-- Data excerpt --

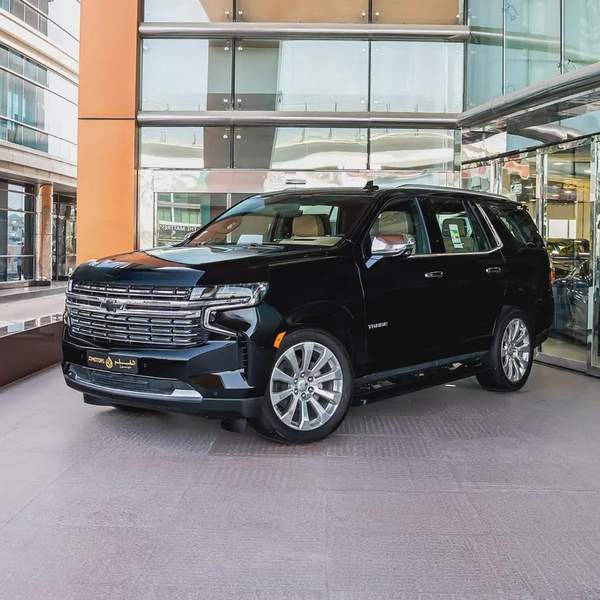 2024 CHEVROLET TAHO PREMIER ( BRAND NEW ) GCC WITH WARRANNTY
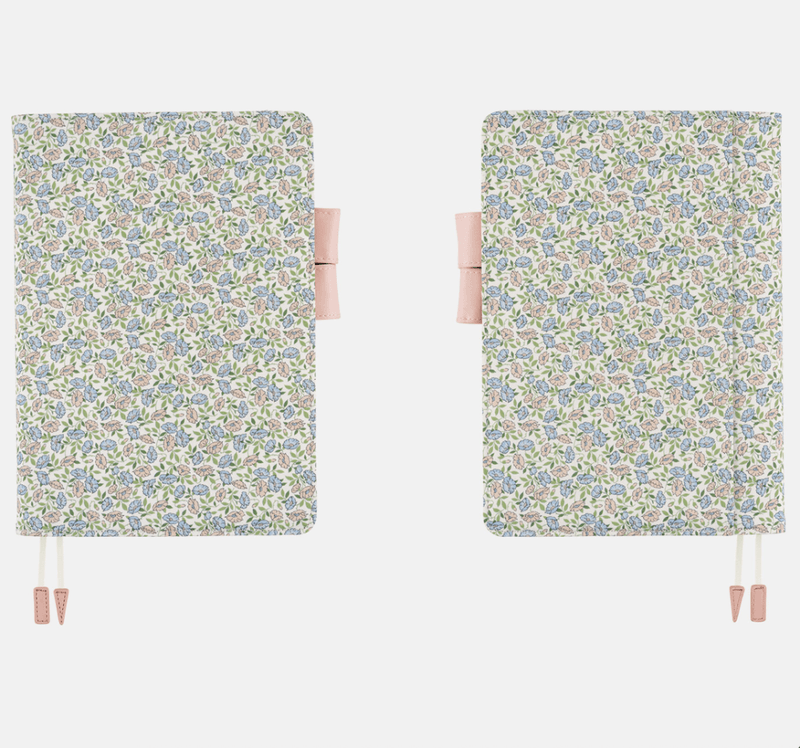 HOBONICHI Cover Liberty Fabric;s; Sasha Kiora, A5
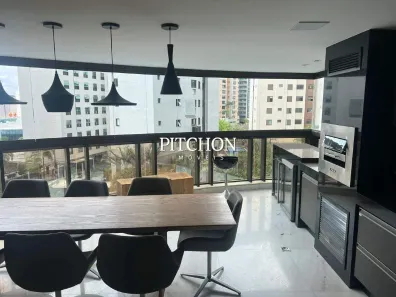 Apartamento com 4 Quartos à venda, 275m² no Belvedere, Belo Horizonte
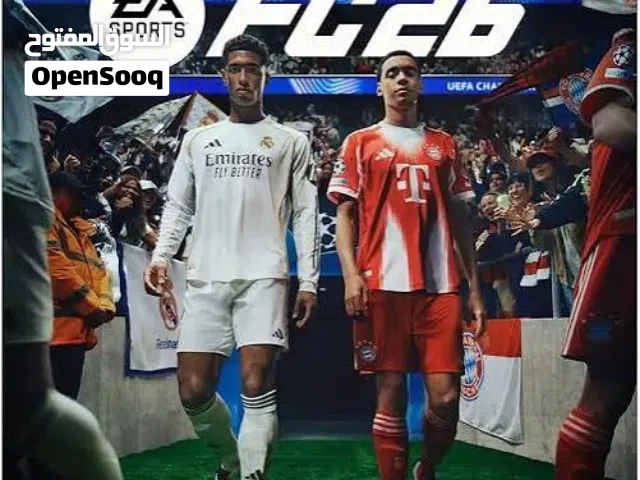 فيفا 26 بلايستيشن 5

-- Description of the task --
When you return the listing, keep each line exact and leave the pictures out.

-- Exercise output --
 2024 CHEVROLET TAHO PREMIER ( BRAND NEW ) GCC WITH WARRANNTY
 HOBONICHI Cover Liberty Fabric;s; Sasha Kiora, A5
 Apartamento com 4 Quartos à venda, 275m² no Belvedere, Belo Horizonte
 فيفا 26 بلايستيشن 5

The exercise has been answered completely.